On our own, we come to rest within the calming confines of our inner experience. In the slow rhythm of solitary moments, we are able to suspend the preoccupations that normally drive our everyday actions and thought processes. As a result, we suddenly have space for the kind of self-reflexivity that helps us better process the challenges of our lives, including the confounding opacity of our relationships. In this sense, solitude renders us more insightful, and hence more able to love, than we would be if we never allowed ourselves to leave the world behind. States of aloneness may, for instance, allow us to focus on relational complexities that we habitually overlook. Facets of relating that we ordinarily suppress may surface to the forefront of our awareness. We may contemplate what we do not usually have time to think about, perhaps even addressing issues that we have neglected in the past. On this account, solitude is less a matter of detaching ourselves from our lover than of cultivating a different relationship with him—one that thrives on distance rather than proximity. It is, potentially at least, a breeding ground for fresh relational possibilities in the sense that when we return from it, we may have something new to contribute; we may have something innovative and interesting to offer.

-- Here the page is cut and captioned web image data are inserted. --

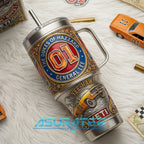 The Dukes of Hazzard General Lee Special YETI Tumbler
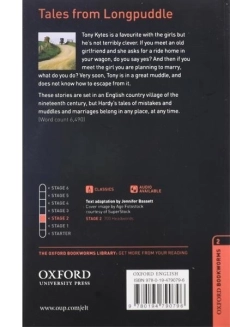 کتاب داستان Tales from Longpuddle - 2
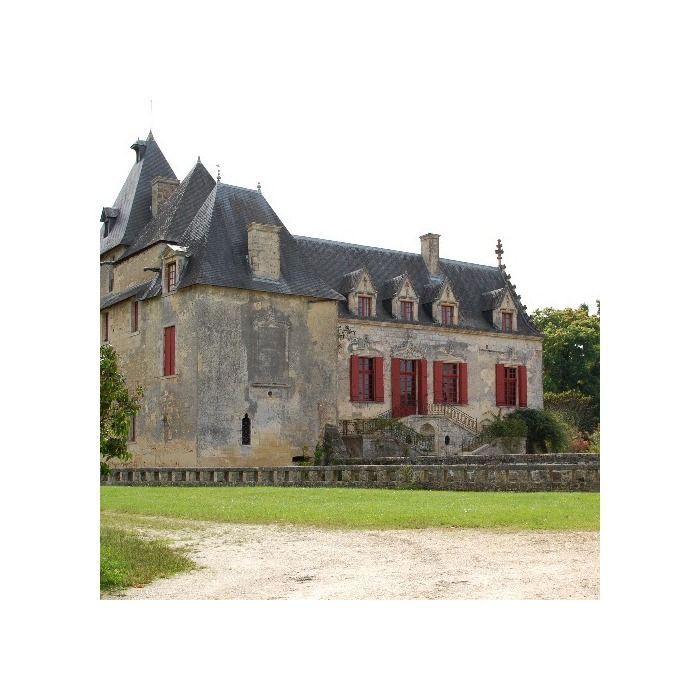 Château Olivier Blanc 2017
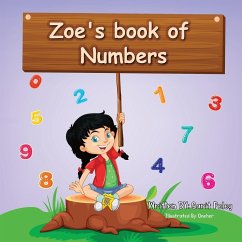 Zoe's Book Of Numbers - Peleg, Sarit S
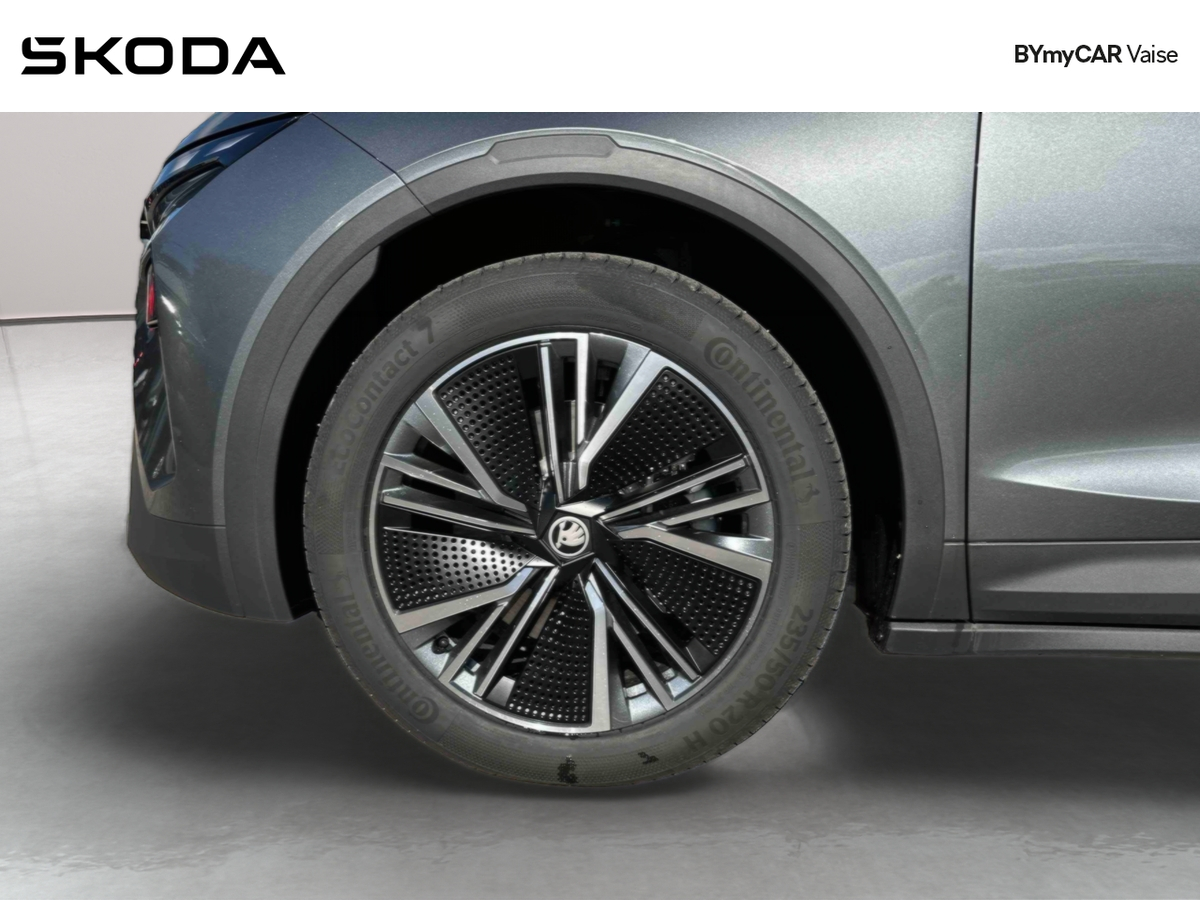 Skoda Elroq 286 ch Batterie 85 — photo 13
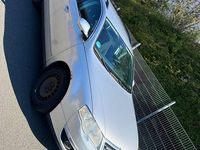 Gebraucht VW Passat Comfortline 105 PS (77 kW) 2010 Silber Kombi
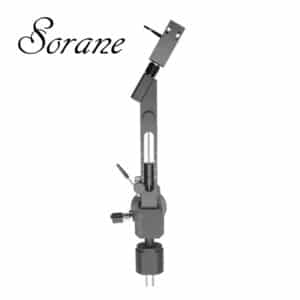 Sorane SA-1.2B 9 inch Tonearm Black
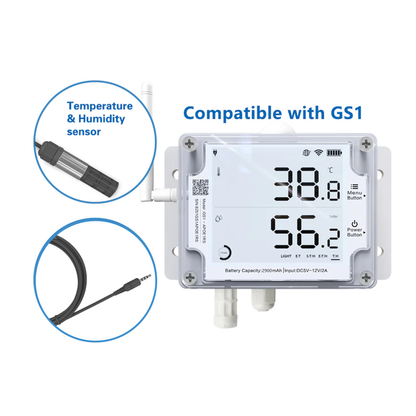 Air Temperature & Humidity Sensor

Solitude can thus be a means of sustaining love and, at times, even of reigniting passion that has lost its luster. Yet many of us are deeply suspicious of our need for it, often reading it as a lapse of affection. Similarly, we tend to experience our lover’s hunger for it as intimidating, rarely interpreting it as a strategy for love’s recovery. This is in part because it is hard for two individuals to negotiate their different wishes and fears regarding the matter. One partner may construe his lover’s desire for periods of separation as a painful rejection and a sure sign that the relationship is falling apart.